When choosing a project for your family to work on, we recommend finding the ones that will take up quite a bit (if not days) of your time. Here are some ideas to get you going:
Plant a vegetable garden
Paint a mural on one of the walls
Practice for a play or talent show to use for your community when quarantine lifts
Pick up trash / Weed your property or street
Just kidding, don’t retreat in battle! But going on a camping retreat might be perfect for morale… (#DadJokes). Why go on a camping retreat? Two reasons. First, it’s just plain fun. Perhaps you know someone who has extensive property. Ask if they would let you use it for the two or three days. If not, even the backyard is a perfect option! Set up tents or shelters, build a bonfire (where applicable), plan group games, and SET A THEME.
That’s the second reason to consider this idea. A retreat is so impactful because the kids are removed from their ordinary lives, their senses are heightened for adventure/learning, and then a camping director can set a teaching theme. With COVID-19 quarantine and social distancing in place, kids are already removed for their ordinary; their senses are already heightened. A camping retreat is just one way to take positive advantage. Your theme can be anything you want to teach your kids, from science or survival, to spiritual lessons and time with God.

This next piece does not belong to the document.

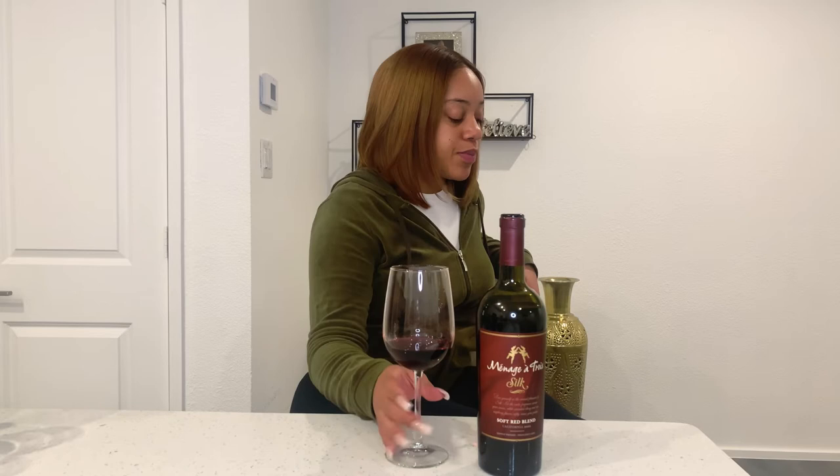This one says silk but I don't think I'm getting the silk part. This one's kind of spicy — it's not as smooth as the other two. I feel like the Apothic Red was the smoothest. This one says silk and it's a soft red wine blend, so I would expect it to be a little bit smoother, but it's not. It's giving a little burn. It's still a pretty good wine, but I think the name silk is misleading. It tastes a lot like cherries, a lot of alcohol.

This is exactly what Love in Action from Chapala, Mexico employed last week. Their kids had a blast on a volunteer’s camping property for two nights and three days. Directors Anabel Frutos and her son Emmanuel Frutos led the retreat charge, and created an atmosphere of relationship and trust, despite the unrest and fear of our current world.
Anabel said, “We added a lot of (survival elements). We also had the spiritual side with devotionals in the morning and night. We did physical activities and team building exercises, and we mixed it all together into one camping experience.”
No matter what, we want to remind our kids that their “commanders” are going to lead them well, and that we are all in this together. It’s all too easy to start losing morale amongst our kids, and begin seeing flushed faces, grumpy attitudes and fighting siblings. But if we determine to stay united like an army against COVID-19, we just might come out on the other side better connected, more confident, and healthier than ever.